As you've probably guessed by most of what I post here, I'm a fairly adventurous eater. I love beautiful, tasty food. I love supporting local farmers, and incorporating lots of vegetables into my diet. I also love the bad-for-you stuff like cake and cookies and ice cream and chocolate, though I have high standards for those things, and try not to waste my calories on the ones that are just sweet, and not toothsome (e.g. high cocoa content dark chocolate with sea salt). I raise my children to know where food comes from, and I cook pretty much all of our meals.
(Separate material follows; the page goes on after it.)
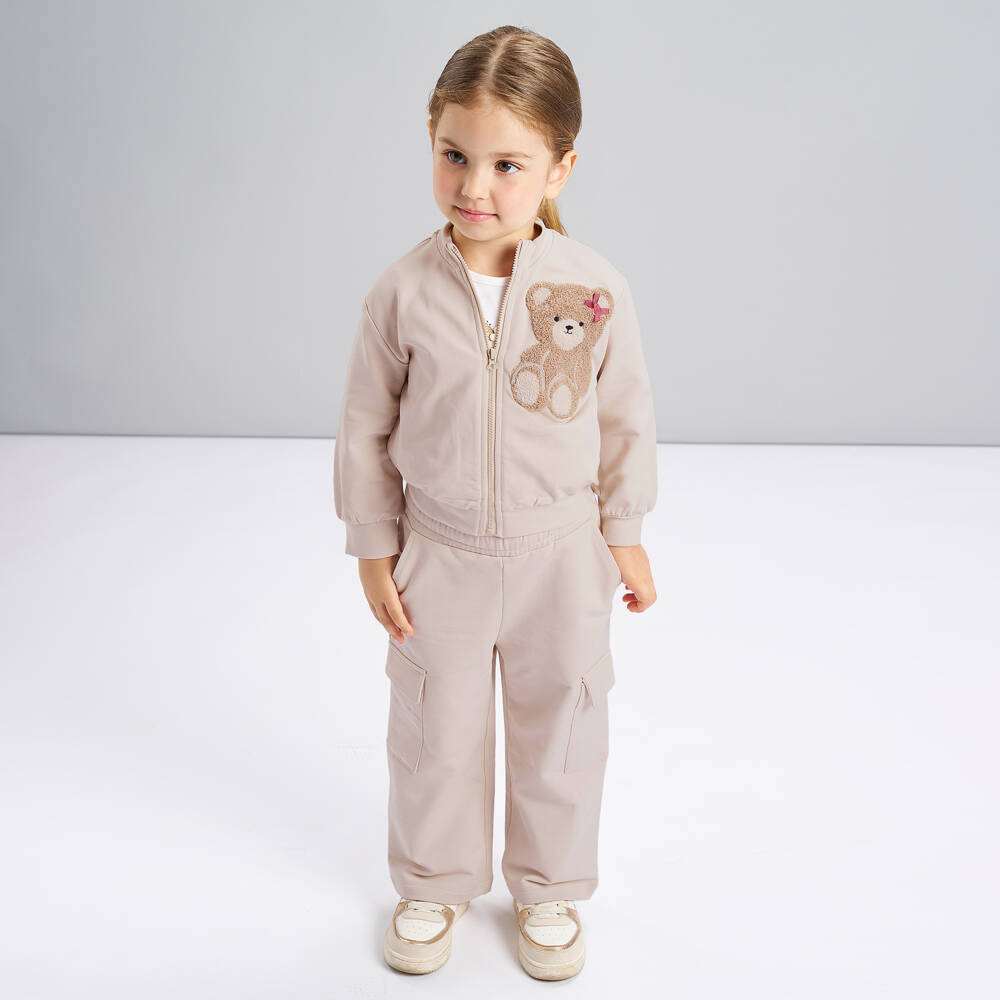 iDO-Girls Ivory Cotton Wide-Leg Cargo Joggers | Childrensalon Outlet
Very little of what's in my grocery cart is processed, and a lot of the produce we eat during the summer comes from our farm.
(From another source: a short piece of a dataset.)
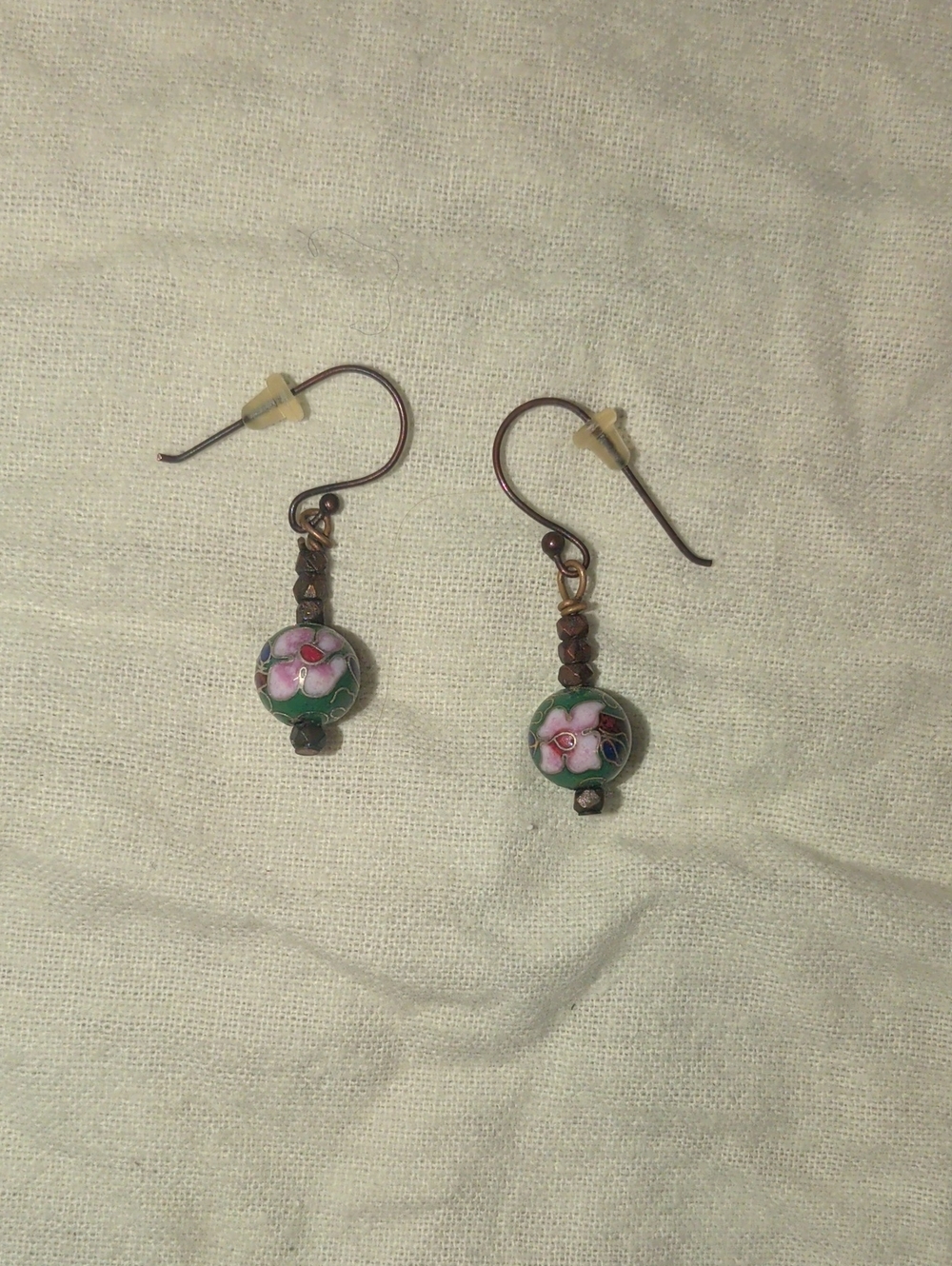 Bronze Pink Flower Cloisonné Drop Earrings in Green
So perhaps you can imagine how difficult it has been for me to wrap my brain around my daughter's approach to food, which is decidedly ambivalent, and even occasionally antagonistic.
Like her brother, N. was interested in food at an early age. I made about 95% of her baby food, which consisted of fresh, and often local, organic vegetables. Her transition to solids, however, was rocky. Now, at age 16 months, she eats black beans, chick peas, broccoli, carrots (with hummus), all manner of fruit, avocados, whole grain waffles, cheerios, fish sticks, and yogurt; most of this she refuses to chew. She won't eat meat (which is fine with me, less fine with my husband). She will rarely even try pasta (a travesty according to S.), and never actually eats any of it. She licks bread and puts it aside. She turns her head from pieces of cheese. She overturns plates, and if she doesn't have a plate, she sweeps things onto the floor with grand hand gestures. She is rarely willing to eat what we are eating for dinner, though that's what I put in front of her every night. She cries inconsolably sometimes when she is presented with her plate of food, as if I have committed some unforgiveable offense.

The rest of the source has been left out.